The walk was supposed to be a solitary experience, but walkers were allowed to join each other if the met up while performing the ritual—as long as they didn’t talk. Former Harper’s Magazine editor A.H. Guernsey shared an account in an 1871 article that illustrates the consequences of breaking that rule.
“There is a popular belief that at a certain instant the water of every spring is for a moment turned to wine,” Guernsey wrote in “Folk-Life in Sweden.” “One of the pilgrims, happening at this moment to drink from a spring, incautiously exclaimed to his companion, ‘Now the water is wine;’ whereupon a voice was heard from the depth, ‘And your eyes now are mine;’ and the unfortunate man became blind from that instant.”
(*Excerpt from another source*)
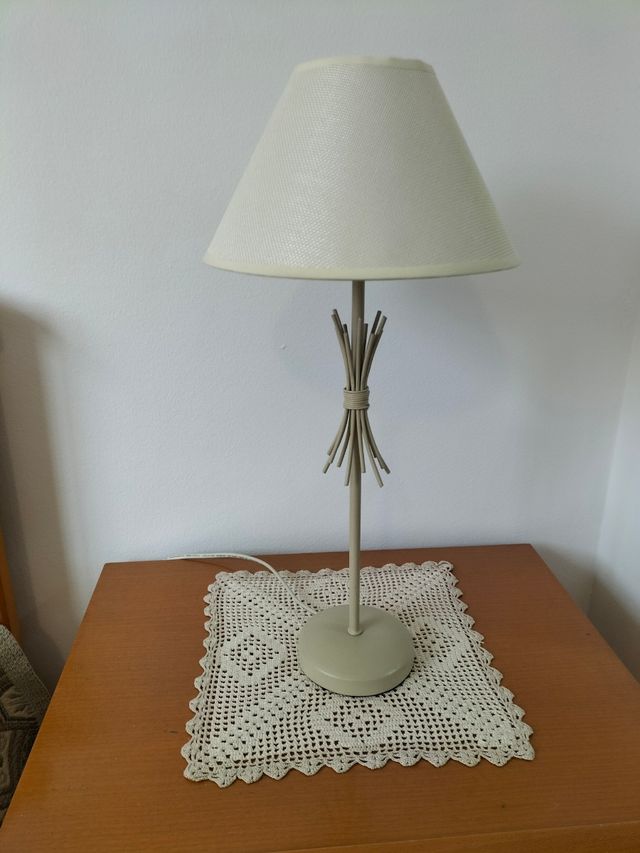 Lámpara de mesa beige metal y tela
At times, the spirits were less sinister and more comical. One story from Kuusela’s book describes a walker who encountered rats drawing a cart of hay. “One of the rats slipped on the ice and fell on his back while farting so loudly that it could be heard across the whole parish. At that moment, the year walker burst into laughter, and the vision disappeared, which meant his quest was for naught.”
All this was endured in exchange for seeing omens, which were often bleak and frightening themselves. The walker might gain information about marriage, the harvest, the possibility of war, or if there will be fires, but the most common information was about who was going to die in the upcoming year.
Walkers learned this by visiting the fresh graves, observing visions through the church keyhole, or encountering funeral processions during the walk. Sometimes these signs pointed to the death of the walker himself.
Although the ritual mostly died out a century ago, there is a modern option for people who don’t want to trespass on church property: The Year Walk video game released by Simogo in 2013.
The unsettling, immersive game features a walk through the snowy woods, no instructions and very little dialogue. Writer Jonas Tarestad came up with the story after finding a brief mention of årsgång in a book about folklore.
“We based [the game] off folklore in a very unscientific way,” says Tarestad. “In a way we recreated the word of mouth process of the past and added our own details. In the end we had sort of lost the grasp of what parts we made up to fit the game and what parts were original folklore.”
By doing that, Tarestad and Simogo may simply be performing another step in the evolution of stories about the year walk, bringing a version of the obscure Swedish legend to English-speaking gamers and allowing the tales to mutate from there. After all, as USC Associate Professor of Anthropology and Communication Tok Thompson points out, “original folklore” is a bit of an oxymoron.
“There’s a few words you don’t tend to find folklorists saying a lot. One of them is ‘original,’” says Thompson, explaining that finding the original source of a folk tradition like årsgång is nearly impossible and not even particularly desirable. A story or a joke might not be so interesting the first time it gets told. Folklore is all about the process of retelling and enhancing.
“You could go back to the same village, have the same storyteller record the same story again the next year, and it’ll be different,” said Thompson. “That’s also, I think, what gives it its strength, its adaptability. As the world changes or as a culture changes, its folklore will change.”
Plus, said Thompson, it’s about more than belief or accuracy.
“There’s a huge aesthetic component of folklore. Is it a funny story? Is it a moving story? Is it a beautiful dance? All these things, the aesthetics, the fuzzy logic, all kind of come together in folklore. For me, it’s a huge part of what it is to be human.”
After Simogo’s Year Walk was released, Tarestad says he saw people writing about going on a modern-day year walk on social media. But he’s not sure if they actually did, and he never considered performing the ritual himself.
“I like to eat and drink and be merry during Christmas time,” says Tarestad, “rather than engaging in dangerous old pagan rituals.”